» **Problem statement**:
Only the lines from the one containing "LAMPA TYLNA PRAWA" to the end of the records belong in the copy. Reproduce them word for word and drop the pictures.

» **Source information**:
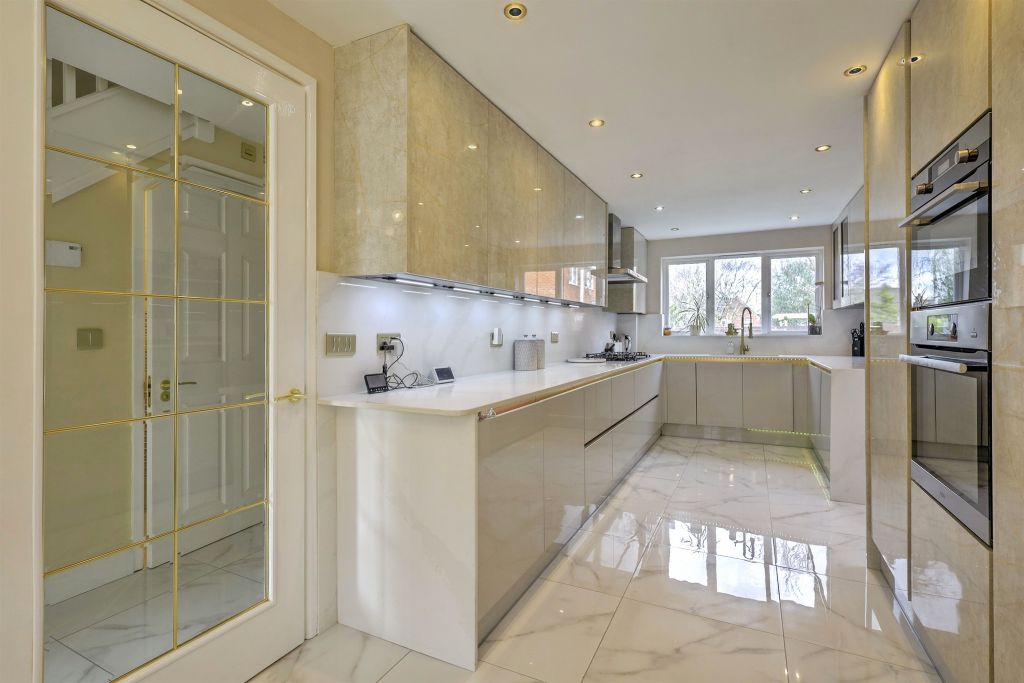 Property photo 3 of 23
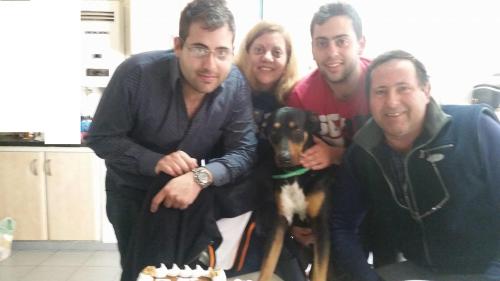 Gladys Martín, Felipe Jiménez e hijos con Troy.
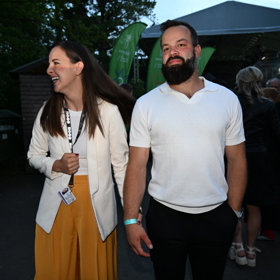Radko Gudas zavítal na party, poté s manželkou dál pokračoval do města.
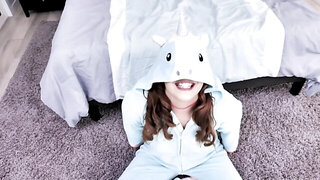 Babe in blue pajamas is good at oral job and fucking for stepdad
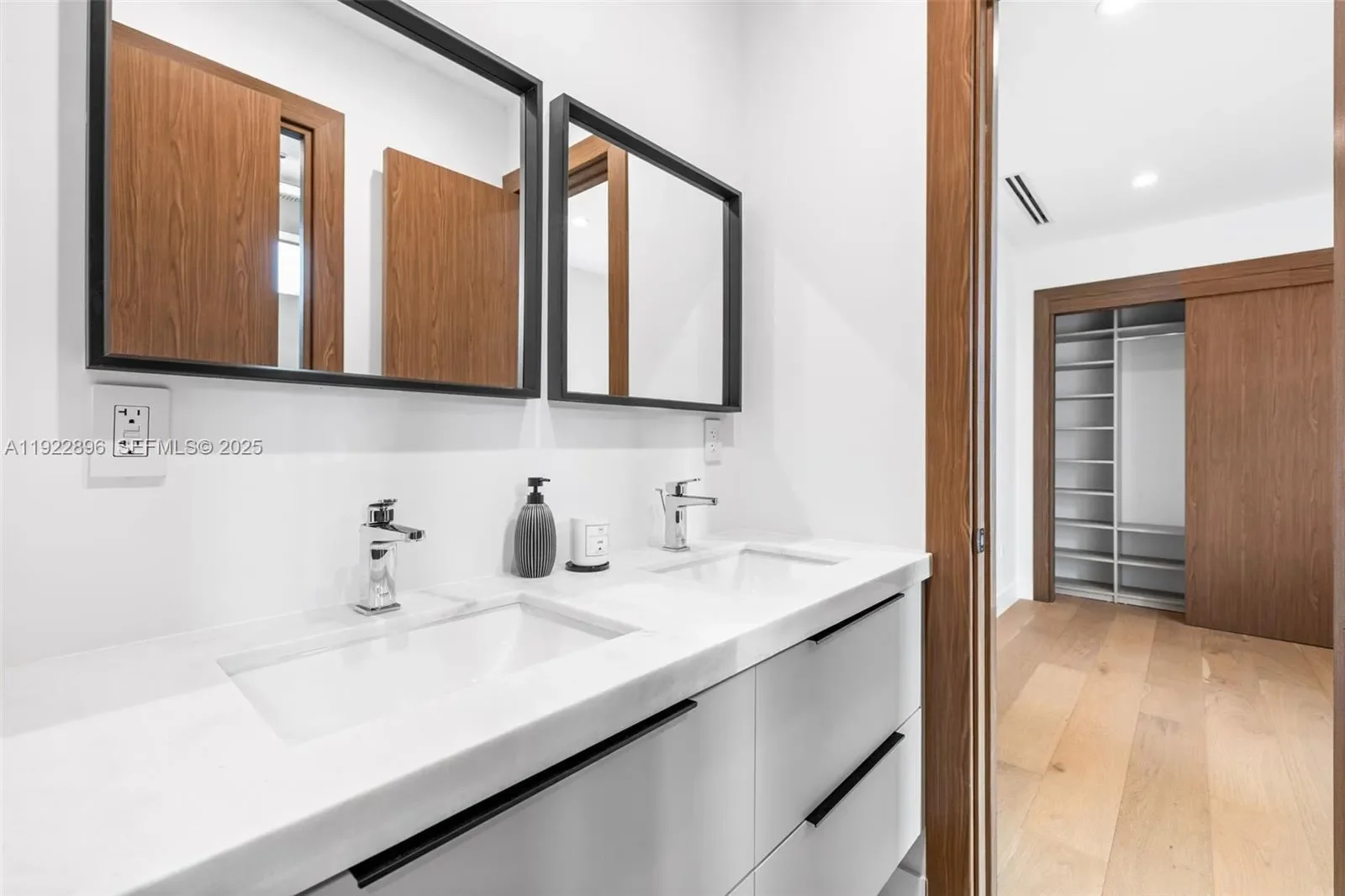 66 NW 50th St, Miami, Florida, United States. - Photo 42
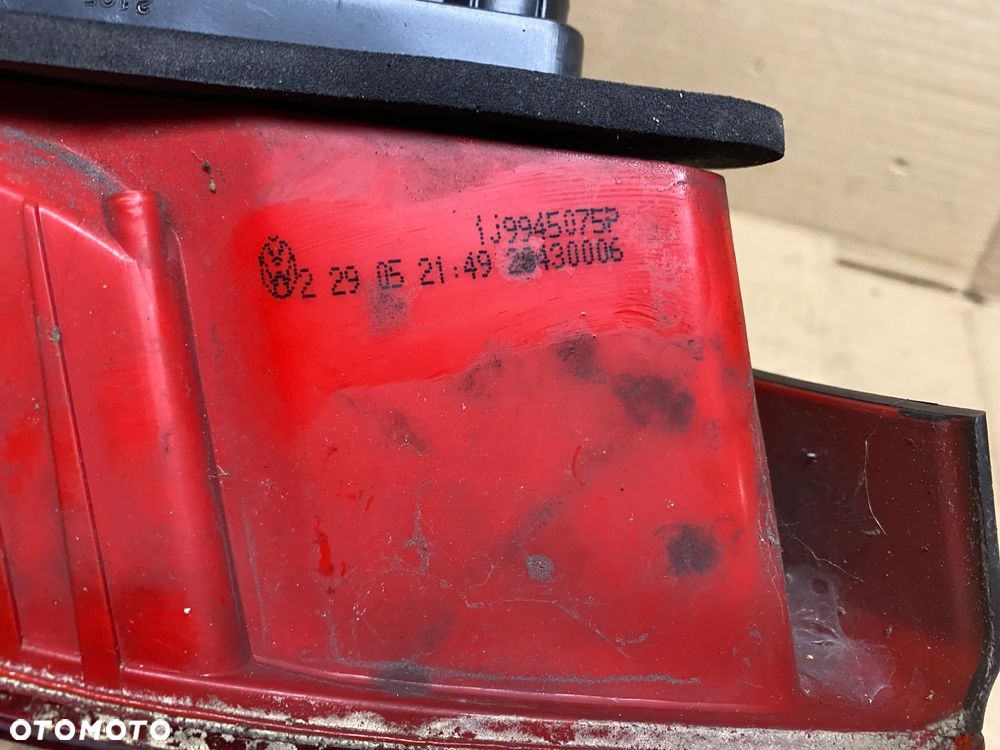 LAMPA TYLNA PRAWA VOLKSWAGEN VW GOLF IV 1J9945258A - 6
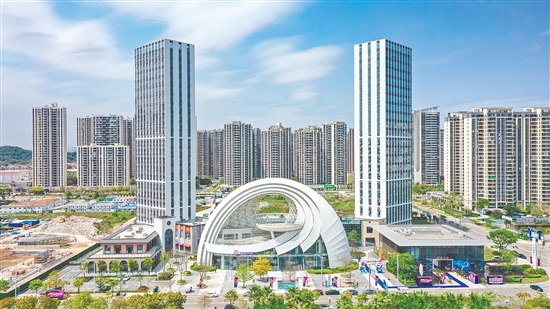 “灣區(qū)之眼”商業(yè)區(qū)的開業(yè)填補了濱江新區(qū)商業(yè)板塊的空缺。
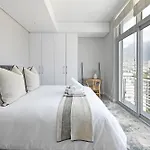 Shyla - Chic 2-Bed Apt With Stunning Mountain Views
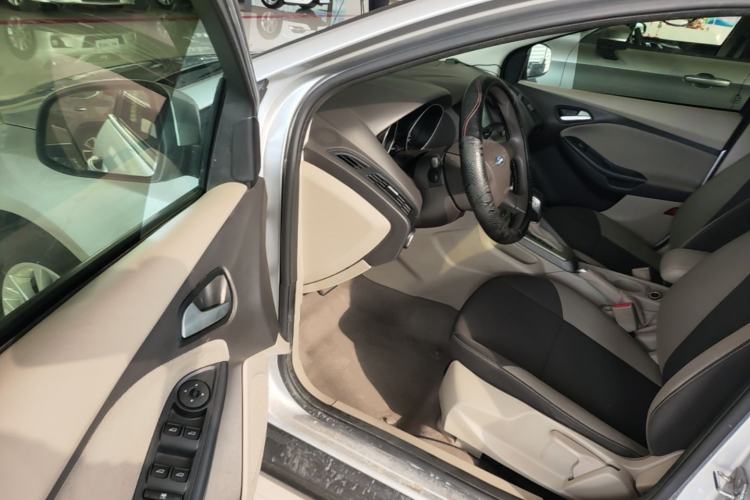 Used Ford Focus 2012 Sedan 1.6L Automatic Comfort Model Driver Seat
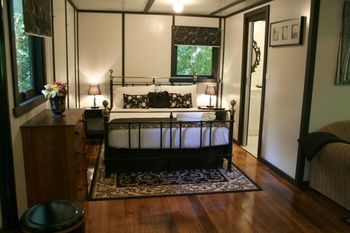 Tudor Cottages Mt Dandenong - Phillip Island Accommodation 17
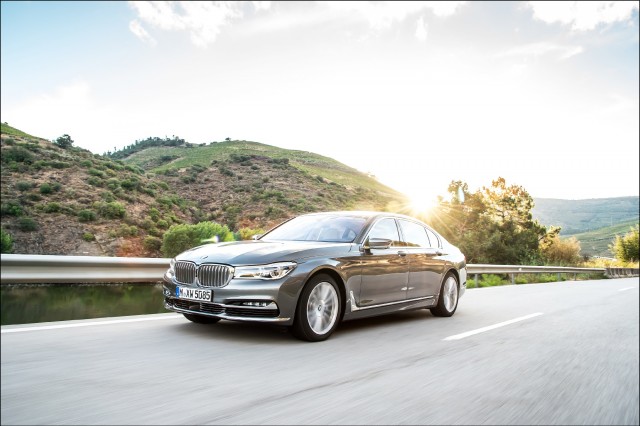 BMW 750Li xDrive035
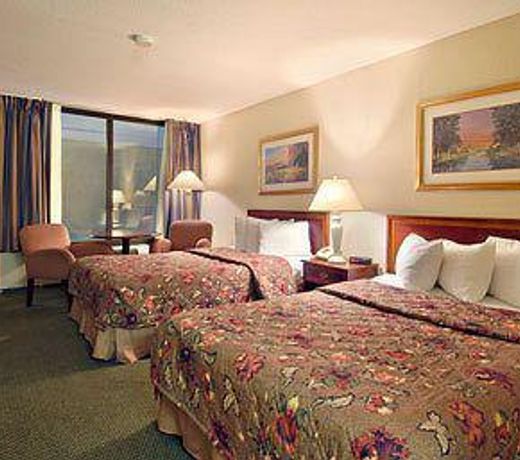 Days Inn Tallahassee I-10 and US 27 North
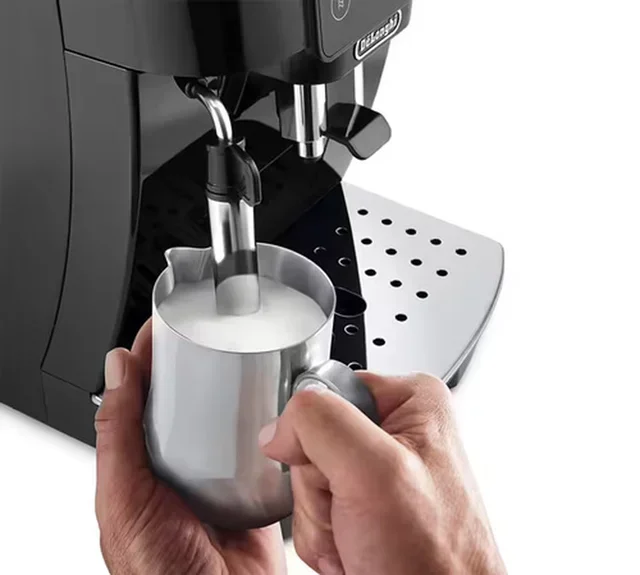 Macinacaffè automatico DELONGHI Magnifica Start FEB 2221.B, colore nero + confezione con caffè per 4 mesi.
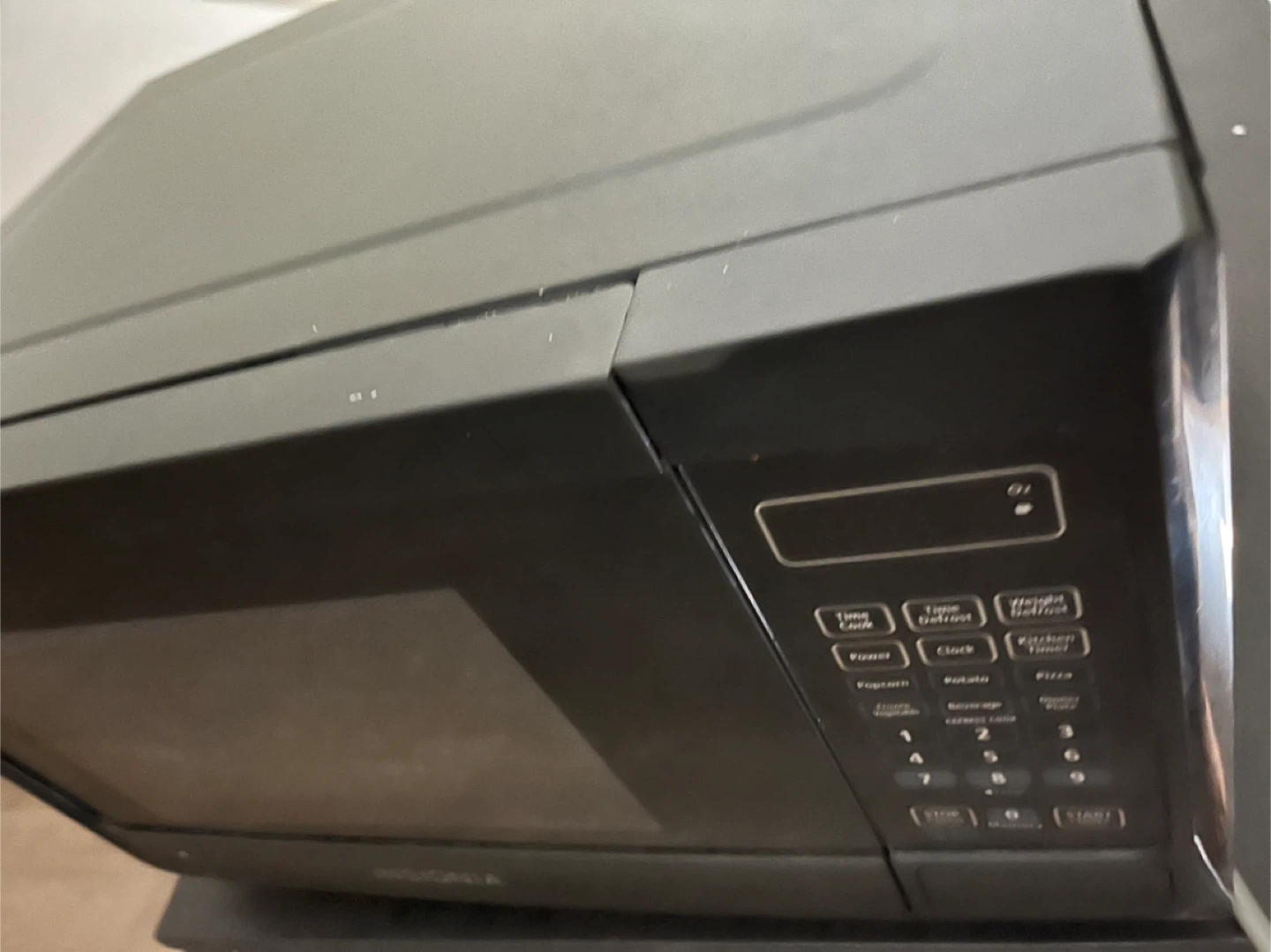 Insignia Microwave Oven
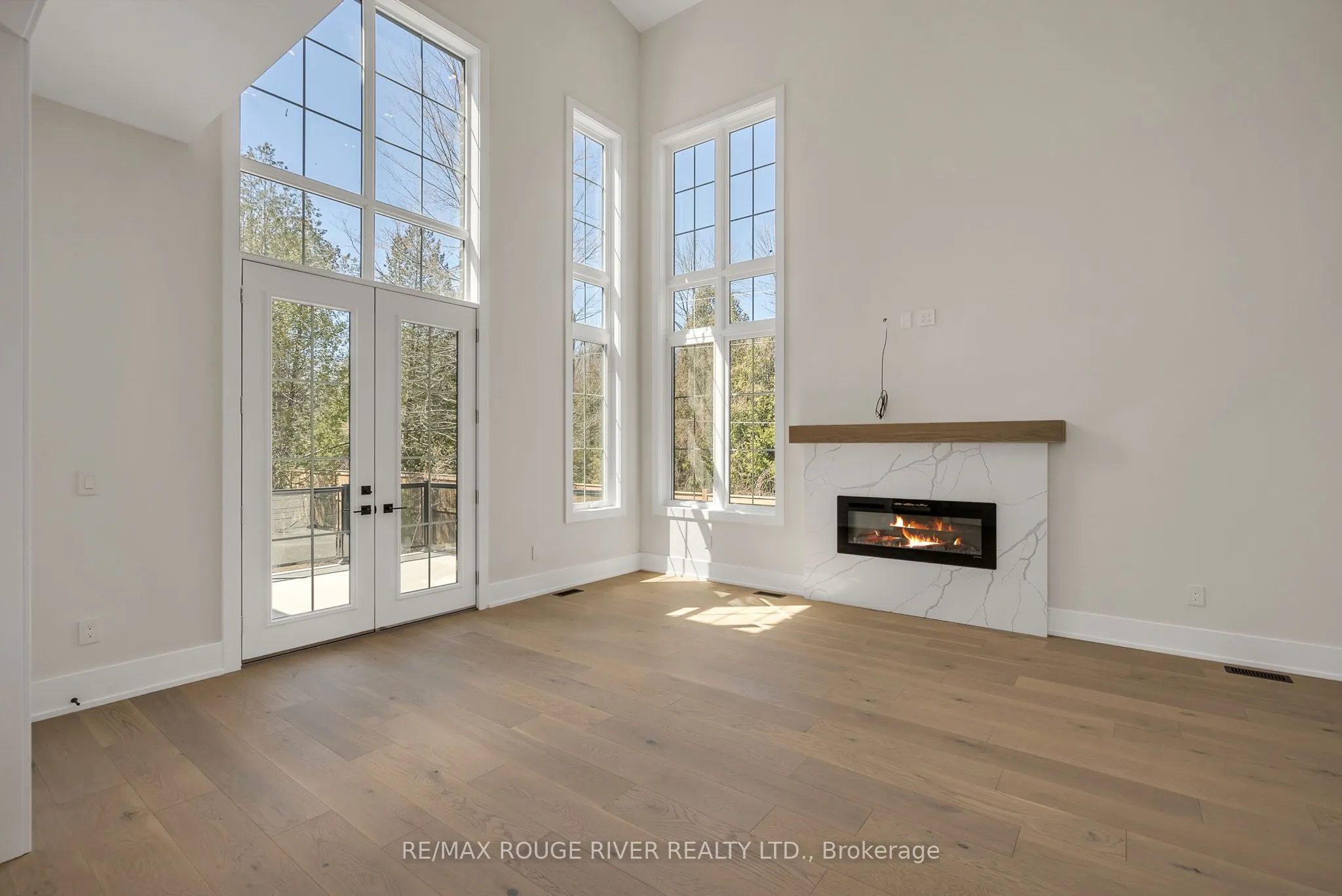 213 SUZANNE MESS Boulevard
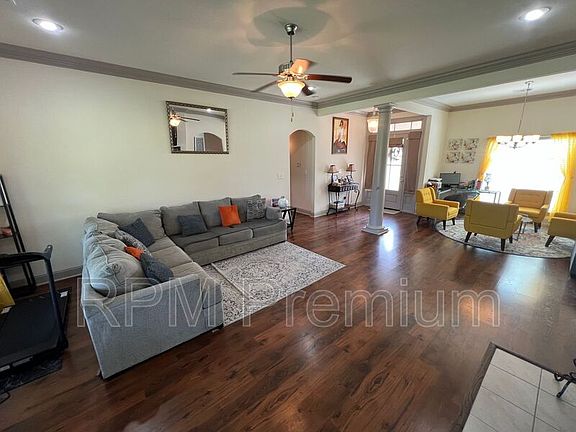 5th image of 18063 River Landing Dr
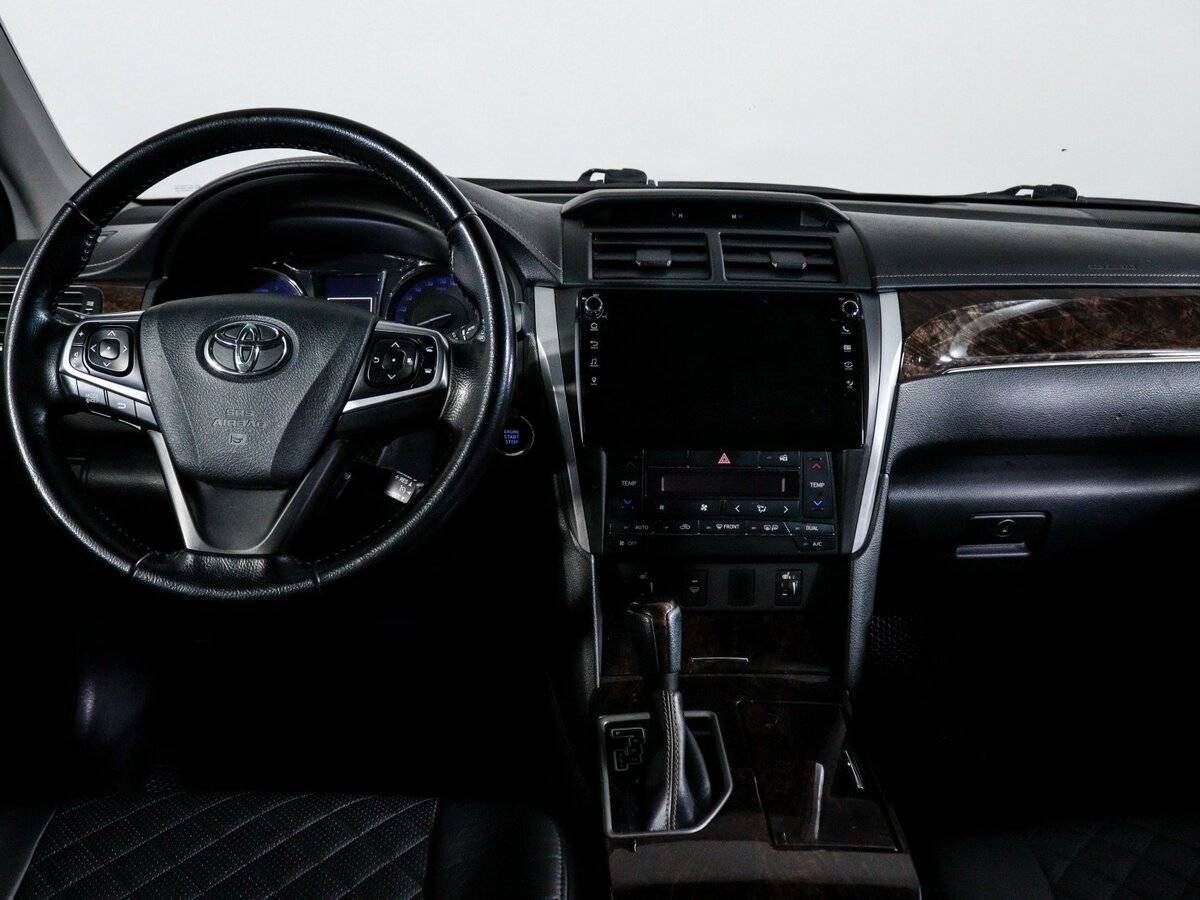 Купить Toyota Camry с пробегом. Фото: #8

» **Answer space**:
 LAMPA TYLNA PRAWA VOLKSWAGEN VW GOLF IV 1J9945258A - 6
 “灣區(qū)之眼”商業(yè)區(qū)的開業(yè)填補了濱江新區(qū)商業(yè)板塊的空缺。
 Shyla - Chic 2-Bed Apt With Stunning Mountain Views
 Used Ford Focus 2012 Sedan 1.6L Automatic Comfort Model Driver Seat
 Tudor Cottages Mt Dandenong - Phillip Island Accommodation 17
 BMW 750Li xDrive035
 Days Inn Tallahassee I-10 and US 27 North
 Macinacaffè automatico DELONGHI Magnifica Start FEB 2221.B, colore nero + confezione con caffè per 4 mesi.
 Insignia Microwave Oven
 213 SUZANNE MESS Boulevard
 5th image of 18063 River Landing Dr
 Купить Toyota Camry с пробегом. Фото: #8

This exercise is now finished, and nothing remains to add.